In short, the eyes of the scientific community have been opened. And they now see the functional importance and functional diversity of lncRNAs. Given the trend line, it seems reasonable to think that the functional range of lncRNAs will only expand as researchers continue to study the human genome (and genomes of other organisms).

The growing recognition of the functional versatility of lncRNAs aligns with studies demonstrating that other regions of the genome—long thought to be nonfunctional—do, in fact, play key roles in gene expression and other facets of cellular metabolism. Most significantly, toward this end, the functional versatility of lncRNAs supports the conclusions of the ENCODE Project—conclusions that have been challenged by some people in the scientific community.

The ENCODE Project

A program carried out by a consortium of scientists with the goal of identifying the functional DNA sequence elements in the human genome, the ENCODE Project, reported phase II results in the fall of 2012. (Currently, ENCODE is in phase IV.) To the surprise of many, the ENCODE Project reported that around 80 percent of the human genome displays biochemical activity—hence, function—with the expectation that this percentage should increase as results from phases III and IV of the project are reported.

The ENCODE results have generated quite a bit of controversy. One of the most prominent complaints about the ENCODE conclusions relates to the way the consortium determined biochemical function.
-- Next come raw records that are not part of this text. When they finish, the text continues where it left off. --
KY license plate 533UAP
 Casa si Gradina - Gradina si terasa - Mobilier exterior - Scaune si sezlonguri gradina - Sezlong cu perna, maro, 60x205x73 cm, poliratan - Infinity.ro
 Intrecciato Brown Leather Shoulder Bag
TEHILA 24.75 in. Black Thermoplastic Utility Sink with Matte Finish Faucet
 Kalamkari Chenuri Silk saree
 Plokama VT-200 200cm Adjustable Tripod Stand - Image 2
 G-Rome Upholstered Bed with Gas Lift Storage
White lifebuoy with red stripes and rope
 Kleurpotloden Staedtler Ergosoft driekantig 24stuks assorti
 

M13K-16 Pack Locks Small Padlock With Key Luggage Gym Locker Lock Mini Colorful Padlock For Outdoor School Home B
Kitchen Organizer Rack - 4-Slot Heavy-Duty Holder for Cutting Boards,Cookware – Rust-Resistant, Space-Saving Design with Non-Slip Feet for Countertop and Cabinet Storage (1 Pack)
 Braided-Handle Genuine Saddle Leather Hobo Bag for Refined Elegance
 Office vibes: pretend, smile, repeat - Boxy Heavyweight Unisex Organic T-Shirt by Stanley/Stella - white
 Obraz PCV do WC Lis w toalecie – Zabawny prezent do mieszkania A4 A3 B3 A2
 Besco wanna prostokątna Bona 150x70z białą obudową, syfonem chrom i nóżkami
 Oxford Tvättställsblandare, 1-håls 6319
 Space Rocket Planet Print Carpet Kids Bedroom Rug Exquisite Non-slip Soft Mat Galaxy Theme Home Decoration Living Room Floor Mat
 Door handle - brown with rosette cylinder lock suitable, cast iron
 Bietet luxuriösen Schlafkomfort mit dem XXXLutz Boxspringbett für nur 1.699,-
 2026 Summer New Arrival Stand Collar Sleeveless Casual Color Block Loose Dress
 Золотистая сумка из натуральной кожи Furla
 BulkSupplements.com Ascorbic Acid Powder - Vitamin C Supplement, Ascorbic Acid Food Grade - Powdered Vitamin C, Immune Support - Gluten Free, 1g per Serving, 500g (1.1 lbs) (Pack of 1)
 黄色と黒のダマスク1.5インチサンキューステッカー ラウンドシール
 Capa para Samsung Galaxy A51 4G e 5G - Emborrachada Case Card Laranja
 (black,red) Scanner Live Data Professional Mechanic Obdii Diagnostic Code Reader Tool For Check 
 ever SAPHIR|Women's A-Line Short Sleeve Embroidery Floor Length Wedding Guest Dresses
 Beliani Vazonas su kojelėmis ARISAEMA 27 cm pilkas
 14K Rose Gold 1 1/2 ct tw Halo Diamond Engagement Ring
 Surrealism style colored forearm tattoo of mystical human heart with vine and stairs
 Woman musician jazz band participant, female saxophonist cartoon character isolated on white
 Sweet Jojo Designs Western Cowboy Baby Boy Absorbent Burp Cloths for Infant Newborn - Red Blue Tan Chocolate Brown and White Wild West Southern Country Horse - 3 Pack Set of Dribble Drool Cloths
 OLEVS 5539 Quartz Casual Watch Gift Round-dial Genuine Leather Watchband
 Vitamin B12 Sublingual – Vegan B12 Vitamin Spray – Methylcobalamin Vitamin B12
Critics argue that ENCODE scientists conflated biochemical activity with function. As a case in point, the critics argue that most of the transcripts produced by the human genome (which include lncRNAs) must be biochemical noise. This challenge flows out of predictions of the evolutionary paradigm. Yet, it is clear that the transcripts produced by the human genome are functional, as numerous studies on the functional significance of lncRNAs attest. In other words, the biochemical activity detected by ENCODE equates to biochemical function—at least with respect to transcription.

A New View of Genomes

These types of insights are radically changing scientists’ view of the human genome. Rather than a wasteland of junk DNA sequences stemming from the vestiges of an evolutionary history, genomes appear to be incredibly complex, sophisticated biochemical systems, with most of the genome serving useful and necessary functions.

We have come a long way from the early days of the human genome project. When completed in 2003, many scientists at that time estimated that around 95 percent of the human genome consists of junk DNA. That acknowledgment seemingly provided compelling evidence that humans must be the product of an evolutionary history.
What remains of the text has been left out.